▶ Problem statement
Across the records, how many lines contain "Back"? Answer with the number alone.

▶ Material to process
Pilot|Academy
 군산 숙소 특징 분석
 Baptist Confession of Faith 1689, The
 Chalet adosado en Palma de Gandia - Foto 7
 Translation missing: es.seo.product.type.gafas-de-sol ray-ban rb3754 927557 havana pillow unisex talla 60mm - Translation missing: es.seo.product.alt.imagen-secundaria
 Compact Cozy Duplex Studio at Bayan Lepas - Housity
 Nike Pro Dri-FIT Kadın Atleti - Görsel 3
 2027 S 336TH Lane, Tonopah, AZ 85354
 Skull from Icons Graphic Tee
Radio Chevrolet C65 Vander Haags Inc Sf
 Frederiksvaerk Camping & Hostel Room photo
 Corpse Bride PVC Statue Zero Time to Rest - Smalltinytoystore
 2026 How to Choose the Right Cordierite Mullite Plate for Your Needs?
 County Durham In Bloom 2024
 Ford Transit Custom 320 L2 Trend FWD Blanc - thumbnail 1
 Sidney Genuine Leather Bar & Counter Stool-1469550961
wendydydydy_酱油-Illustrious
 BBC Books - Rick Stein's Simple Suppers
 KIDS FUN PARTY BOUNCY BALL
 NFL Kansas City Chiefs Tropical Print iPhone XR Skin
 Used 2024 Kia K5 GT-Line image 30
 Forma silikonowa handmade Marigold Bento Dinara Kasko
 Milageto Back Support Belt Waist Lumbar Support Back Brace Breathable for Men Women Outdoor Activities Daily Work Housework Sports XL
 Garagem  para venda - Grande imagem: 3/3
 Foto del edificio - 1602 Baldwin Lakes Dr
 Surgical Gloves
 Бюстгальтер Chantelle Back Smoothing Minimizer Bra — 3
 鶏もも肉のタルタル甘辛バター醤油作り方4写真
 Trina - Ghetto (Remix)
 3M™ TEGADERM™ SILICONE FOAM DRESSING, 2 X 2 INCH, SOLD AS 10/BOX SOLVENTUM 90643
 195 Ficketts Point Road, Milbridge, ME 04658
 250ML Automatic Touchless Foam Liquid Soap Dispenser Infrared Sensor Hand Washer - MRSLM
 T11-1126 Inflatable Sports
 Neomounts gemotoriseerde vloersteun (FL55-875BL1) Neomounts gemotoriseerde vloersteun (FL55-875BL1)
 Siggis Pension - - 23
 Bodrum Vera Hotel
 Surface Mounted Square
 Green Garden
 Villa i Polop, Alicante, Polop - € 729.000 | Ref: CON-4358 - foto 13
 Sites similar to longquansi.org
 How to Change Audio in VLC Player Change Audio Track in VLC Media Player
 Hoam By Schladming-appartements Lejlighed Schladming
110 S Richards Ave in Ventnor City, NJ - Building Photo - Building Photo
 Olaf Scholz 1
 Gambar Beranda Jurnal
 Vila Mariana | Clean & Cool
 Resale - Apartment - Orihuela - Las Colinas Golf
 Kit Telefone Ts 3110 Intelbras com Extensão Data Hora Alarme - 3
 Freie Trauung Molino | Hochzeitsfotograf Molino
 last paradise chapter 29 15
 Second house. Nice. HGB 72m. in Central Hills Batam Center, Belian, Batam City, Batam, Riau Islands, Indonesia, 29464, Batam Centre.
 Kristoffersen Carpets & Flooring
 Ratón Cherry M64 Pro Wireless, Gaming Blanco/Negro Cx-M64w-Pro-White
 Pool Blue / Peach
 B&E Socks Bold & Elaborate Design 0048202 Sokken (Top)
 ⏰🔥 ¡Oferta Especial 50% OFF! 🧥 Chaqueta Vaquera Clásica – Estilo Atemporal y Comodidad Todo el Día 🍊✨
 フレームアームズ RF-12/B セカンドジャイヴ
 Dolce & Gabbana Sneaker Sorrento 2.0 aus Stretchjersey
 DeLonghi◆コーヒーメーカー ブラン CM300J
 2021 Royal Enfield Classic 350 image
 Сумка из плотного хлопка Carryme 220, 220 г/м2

▶ Result
2